Global Markets Dealt Dose Of Fear
Global markets were dealt a dose of fear Thursday, after a couple of optimistic weeks had pushed trade war and recession concerns to the back burner of the geopolitical range. The ensuing sell-off pushed energy futures to the lower end of their recent trading range, after threatening the top end of that range earlier in the week. An overnight bounce leaves prices stuck in the middle once again, with few signs that the complex is ready to make its spring break.
A step backward in US-China trade talks seemed to spook stock markets around the globe Thursday, and with the equity/energy asset classes still showing a strong correlation, it wasn’t long until that selling spilled over into oil and refined products. As stocks reached their lows for the day, WTI was down more than $2/barrel and gasoline prices were down more than 6 cents. Both asset classes were able to bounce in the afternoon, and roughly halve their losses on the day.

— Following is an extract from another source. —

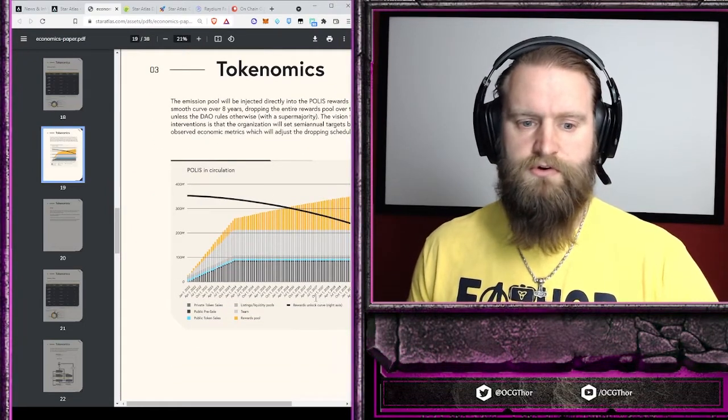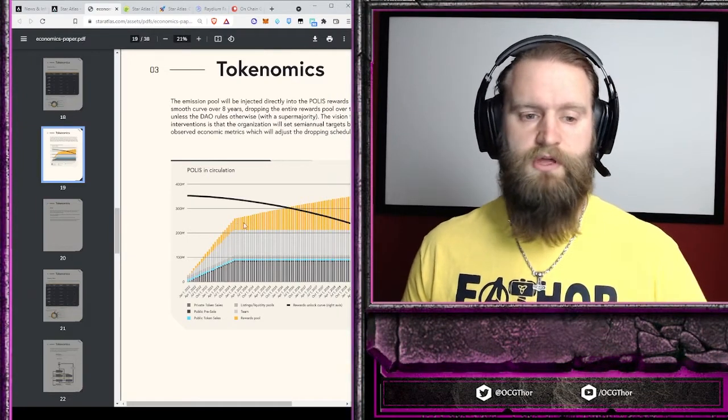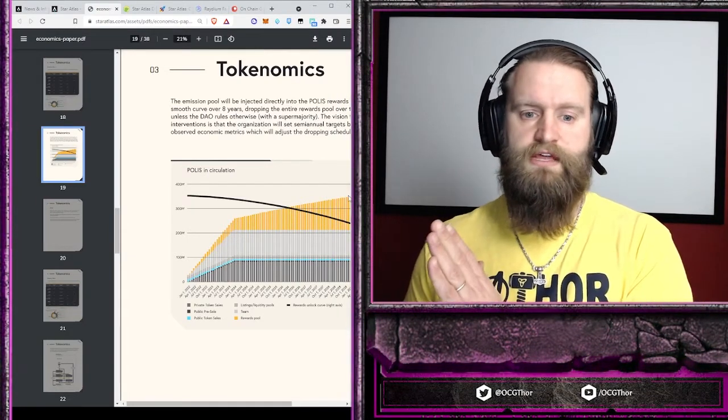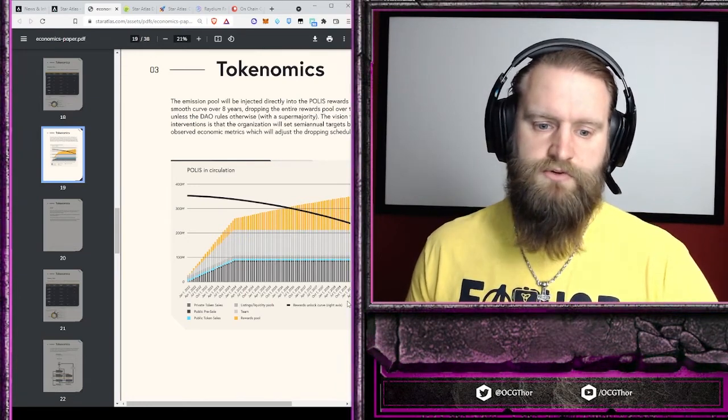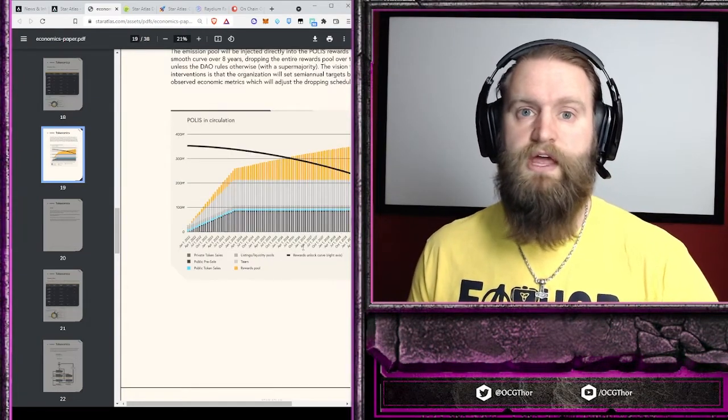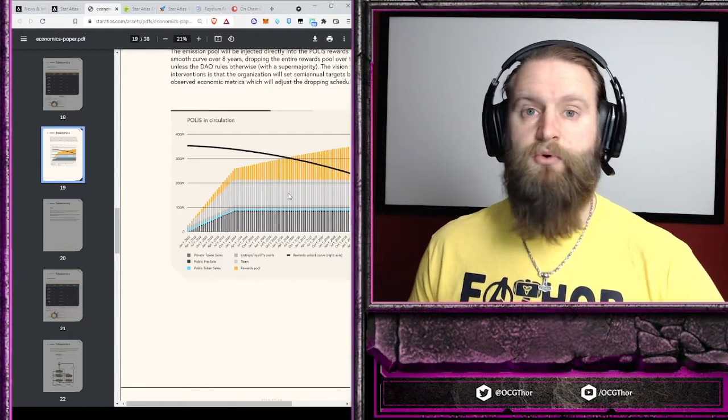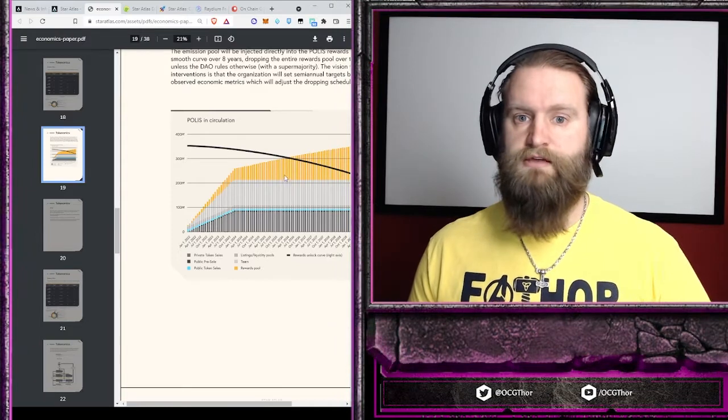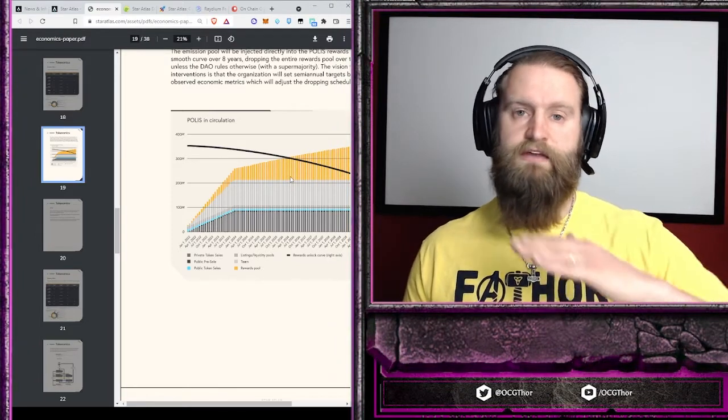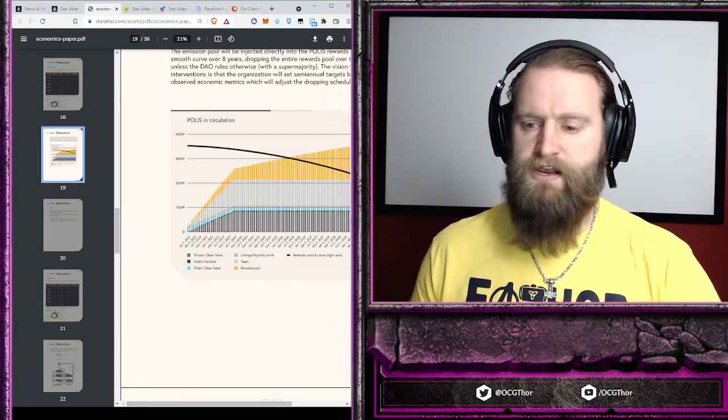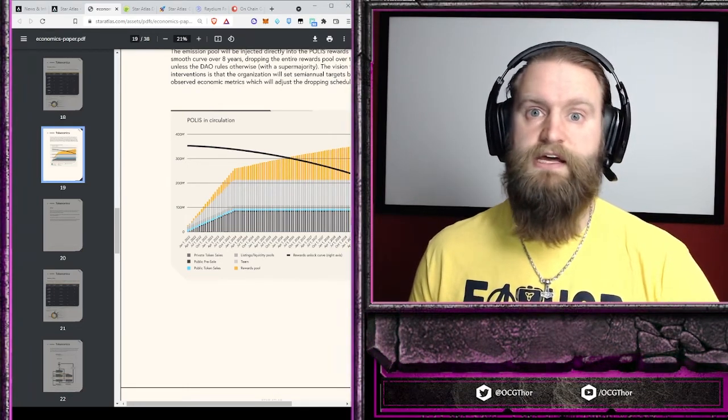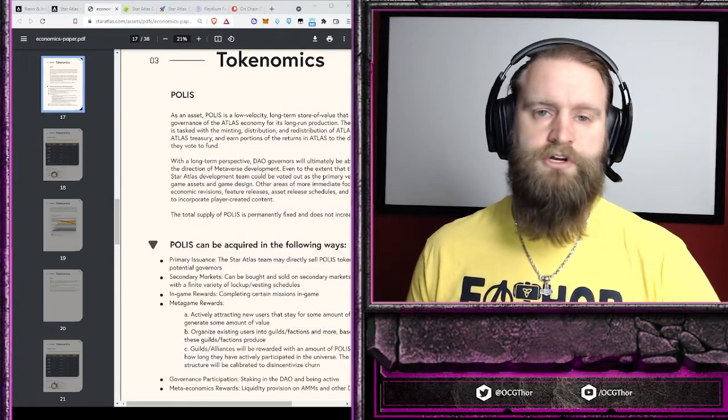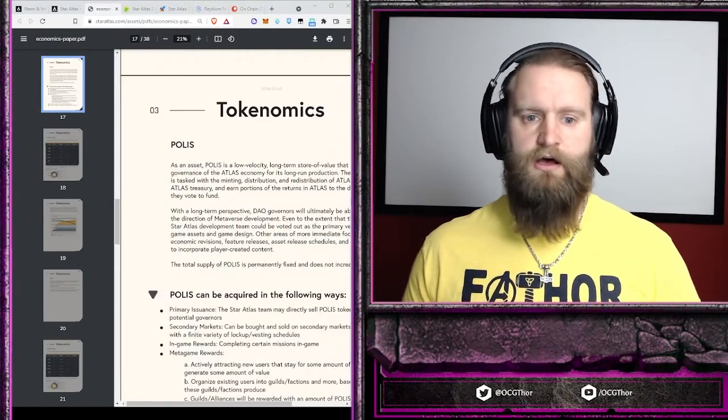Looking at the tokenomics, over the course of time, it has a faster emission rate up front where the game is growing, then it levels off towards the end of the eight-year period. At the end of 2029, the emissions will end. It will be fully diluted. From that point, the Polis value will only increase as the demand for it through the growth of the game increases. As far as tokenomics, something that I like to see in the Polis coin. It's made for a long-term investment and to have control over the game.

Never let a good crisis go to waste: PDVSA is trying to use the new sanctions levied by the US as justification to overturn the ruling that would allow Crystallex to seize control (and likely create an auction for) Citgo’s shares. Citgo meanwhile continues to quietly weather the storm, operating its refineries and other downstream assets in a business-as-usual manner.
Energy took center stage in Congress this week as Senators proposed a bill to sue OPEC for colluding with Russia, while a proposal known as the “Green New Deal” was proposed in the House. While the broad proposal to overhaul energy in the US (among many other things) isn’t being taken too seriously just yet, it is an early warning shot that we’re in for 2 years of politicians debating the future of our industry as the 2020 elections approach.